The Rohingya have little support among Myanmar’s 135 distinct ethnic groups, across the spectrum of religious, economic or educational levels. They are not valued as citizens of Myanmar. Their land sits in an important geographical area which promises access to resources for foreign investors, particularly the Chinese. They do, of course, have different religious beliefs to the majority of the predominantly Buddhist Myanmar people, but the problem is not only about religion.
The refugee crisis that is emerging as a result of the clearing of the Rohingya is possibly the worst in the world, on par with Syria. The world is unprepared. Bangladesh, the recipient of much of the recent influx, possibly numbering close to one million displaced people, is unable to cope and contain these starving and maltreated people.
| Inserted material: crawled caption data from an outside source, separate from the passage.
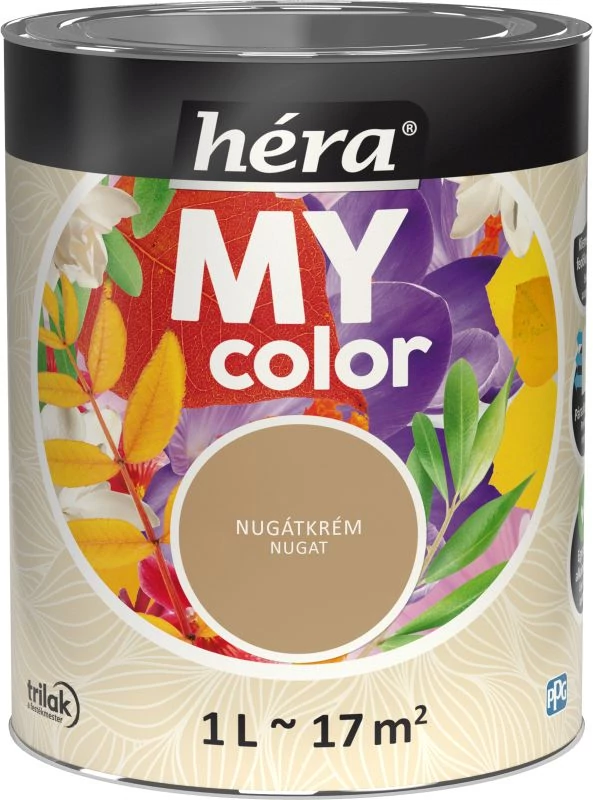 HÉRA My Color Nugátkrém 1 l
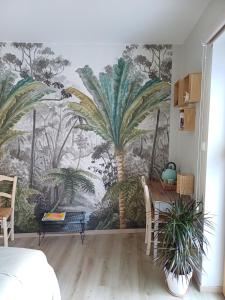 B&B / Chambres d'hotes Couettes et Mouettes : photos des chambres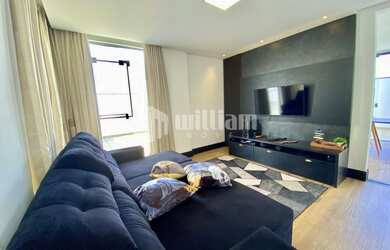 Imagem 4: ![CDATA[TORRE HISAYA SEMI MOBILIADO COM SACADA ESTENDIDA]]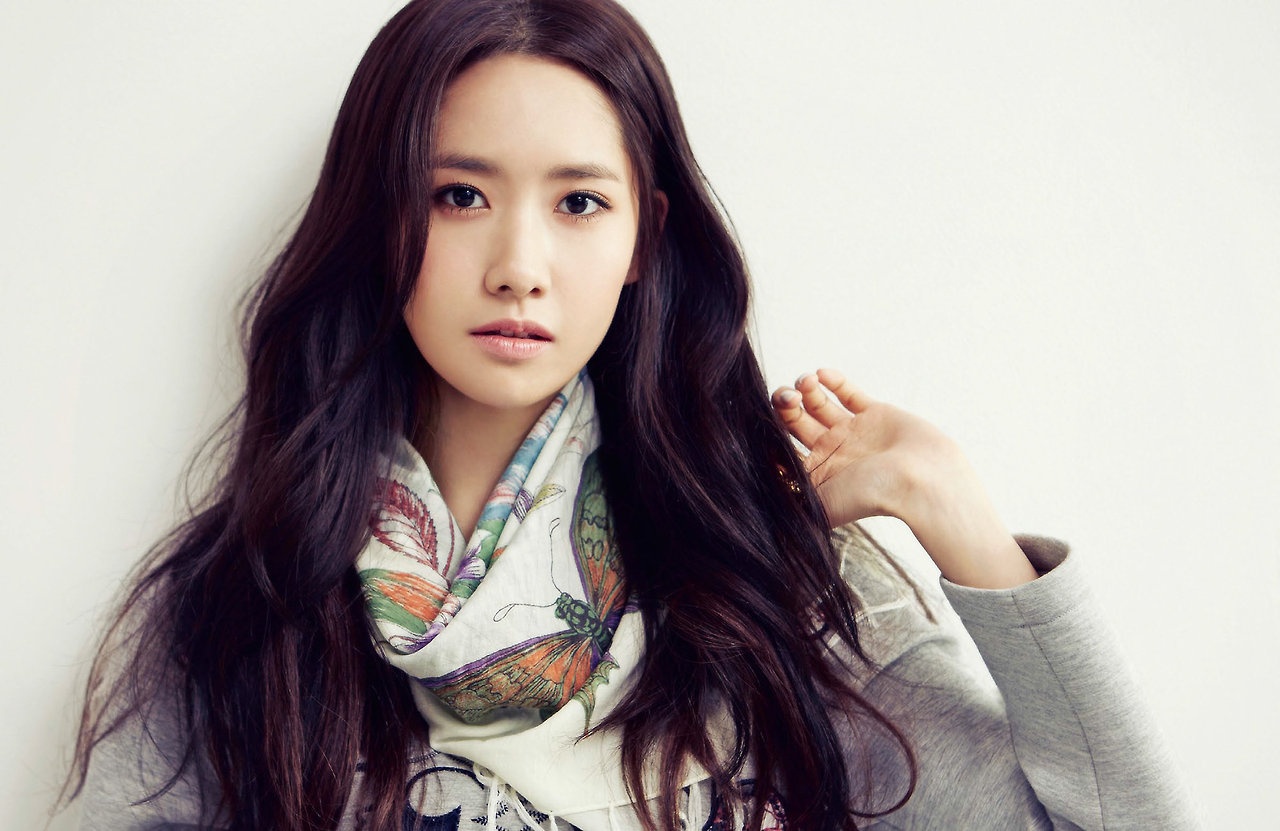 Yoona solo trong concert cua nhom hinh anh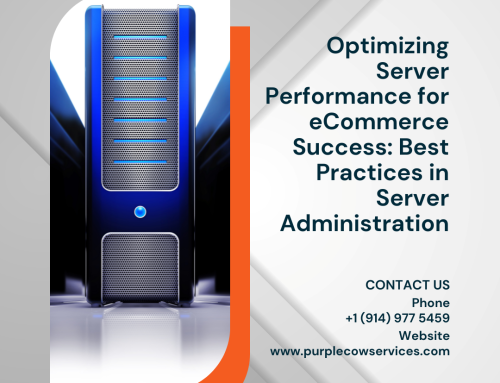 Optimizing Server Performance for eCommerce Success: Best Practices in Server Administration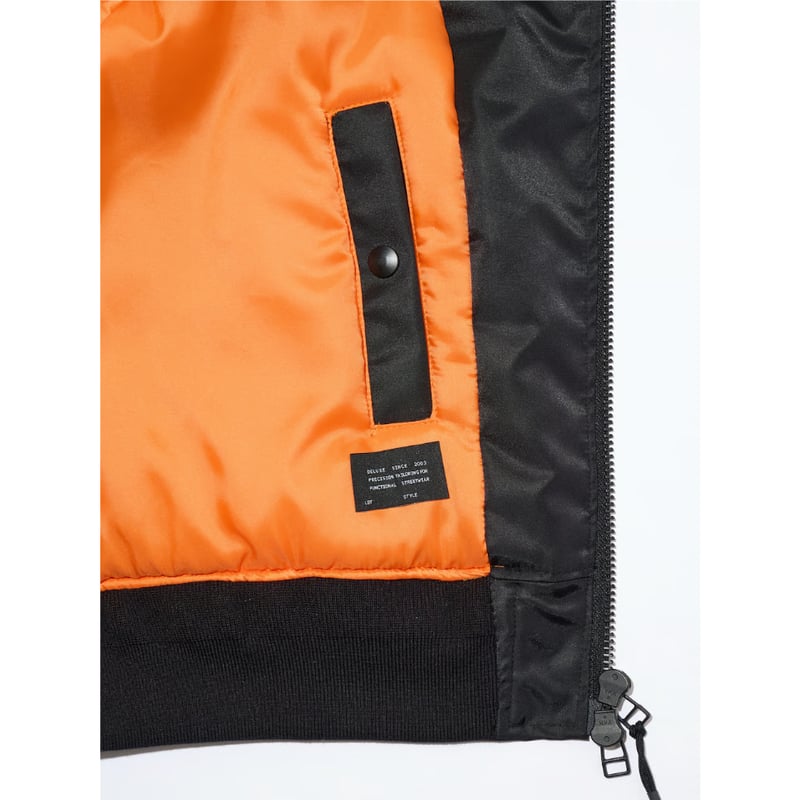 DELUXE / MA-D1 | VIBE NAGANO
The pressure on Myanmar will almost certainly increase. Its golden shine has been indelibly tarnished, and the next few years will bring domestic political change, possibly a coalition, or worst still a more pro-Military led parliament, once more, but almost certainly consigning the legacy of Aung San Su Kyi to disgrace. What this means for investors is unknown. There have been some positive improvements for Myanmar’s 60 million people, in particular, a dramatic improvement in its connectivity – now more than 80% of the population have access to a data-enabled phone. Information is more free-flowing, at least for now, for as long as the Military does not interfere too much (It controls one of the four mobile telecoms company, MPT, and is friendly to the fourth, controlled by Vietnam’s military.)

The Chinese are willing to protect Myanmar’s Generals and may become the source of financing for infrastructure development that is much needed, and which Japan and some of the multilateral agencies may be unwilling or unable to provide if targetted sanctions are re-imposed.